Triggering mechanisms of inflammatory responses during CPB include apart from foreign surface interactions the effects of PSB recycling [41]. Most importantly, this concerns activation of the coagulation cascade via the extrinsic pathway and tissue factor VIIa [40]. Boisclair et al. showed already in 1993 how formation of thrombin correlates with factor IX and not with factor XII [36], which indicates significant tissue activation of coagulation during CPB. This, combined with observed subnormal heparin concentrations in pericardial blood [41], further emphasises the coagulation aspect of cardiotomy suction.

The most rational approach to avoid side effects of cardiotomy suction would simply be to exclude its use. Alternatively, other means of PSB retransfusion can be considered. Aldea and co-workers have shown that excluding cardiotomy suction may lower activation of coagulation, polymorphonuclear neutrophils (PMN) and platelets [59]. Cell saver devices are first choice alternatives for PSB recycling during CPB. The method has been reported to efficiently remove major parts of fat contained in PSB, evident both from clinical [70] and experimental data [73].

Consequences of PSB recycling are at present not fully elucidated.
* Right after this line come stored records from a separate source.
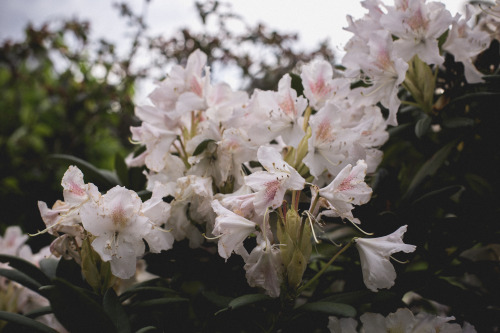 rhododendron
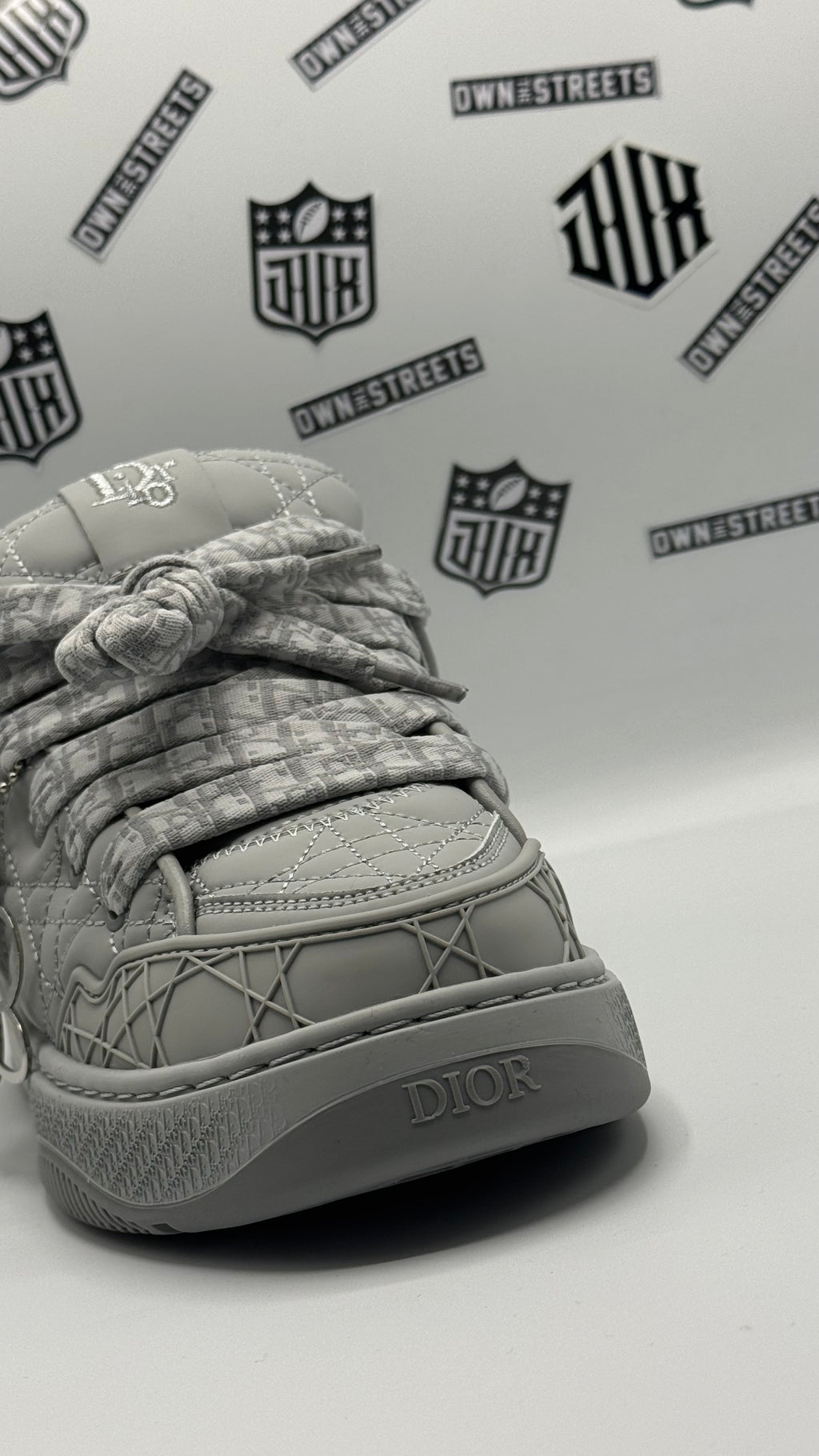 DIOR B9S SKATER GREY (Very Very High Quality)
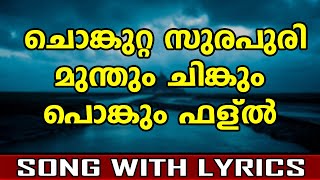 Padappattu  With Lyrics [upl. by Anemolif158]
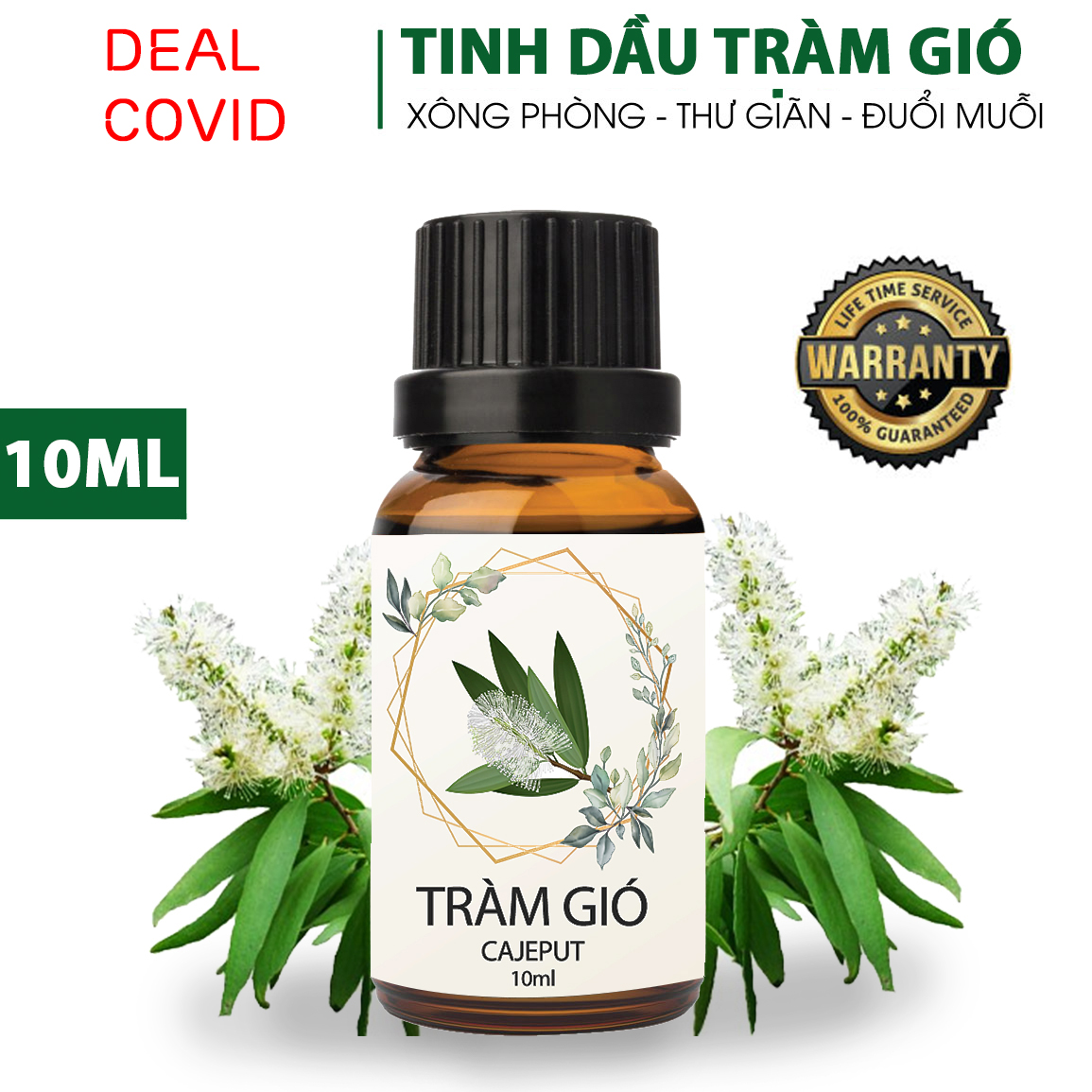 Tinh Dầu Tràm Gió Diệt Khuẩn Giải Cảm Guty Oils Nguyên Chất Dùng Cho Đèn Xông Tinh Dầu Xông Phòng Tinh Dau Khử Mùi Làm Thơm Phòng Đuổi Côn Trùng Giúp Thư Giãn Xông Mặt Chống Ngạt Mũi Ho Viêm Xoang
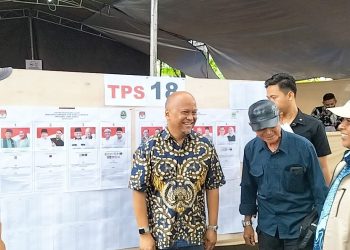 ilham habibie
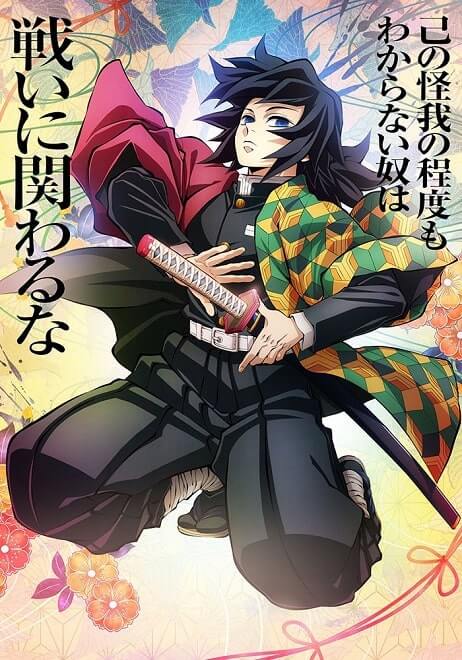 Giyu Tomioka Water Hashira Demon Slayer Season 4: Hashira Training Arc Anime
We know that PSB contains elements of inflammation [59, 74], most significantly activation of the coagulation [41]. Information on the balance of activation between different branches of inflammation is lacking, especially the involvements of cytokines and PMN neutrophils. The ultimate challenge is to establish risks associated with retransfusion of PSB, especially with reference to the brain and the appearance of cognitive disturbances [75].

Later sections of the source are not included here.